WHAT THIS TASK INVOLVES: Copy the records below exactly, starting at the line that contains "Slouching Towards Bethlehem: And" and ending at the line that contains "Sunday (Radio Version)"; leave out any pictures.

DATA LISTING:
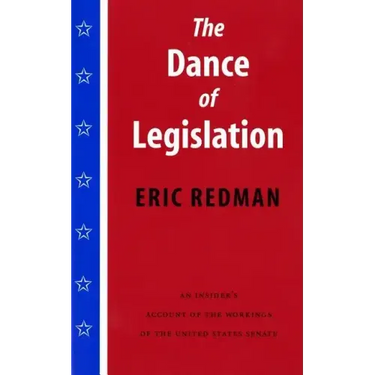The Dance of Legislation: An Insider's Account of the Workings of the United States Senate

--

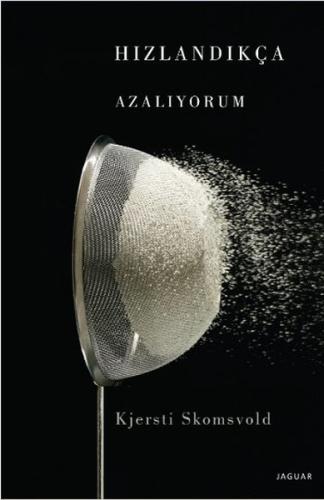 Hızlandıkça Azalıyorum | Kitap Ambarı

* * *

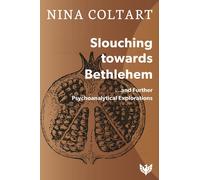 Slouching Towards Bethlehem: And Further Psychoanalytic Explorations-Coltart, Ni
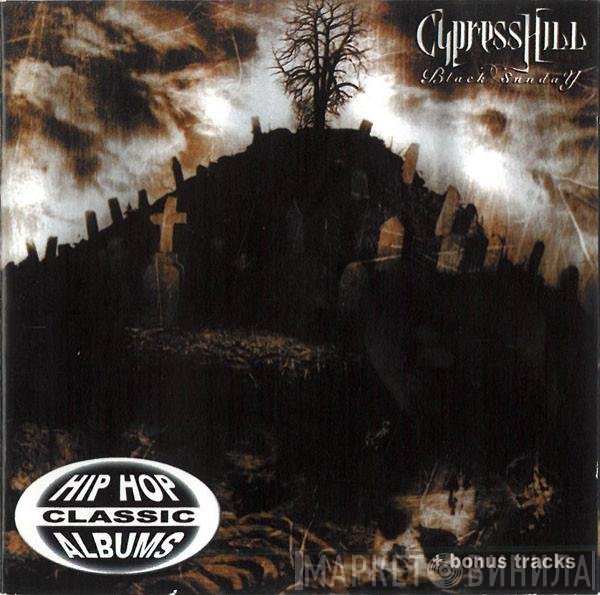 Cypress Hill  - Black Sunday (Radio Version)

ANSWER BELOW:
 Slouching Towards Bethlehem: And Further Psychoanalytic Explorations-Coltart, Ni
 Cypress Hill  - Black Sunday (Radio Version)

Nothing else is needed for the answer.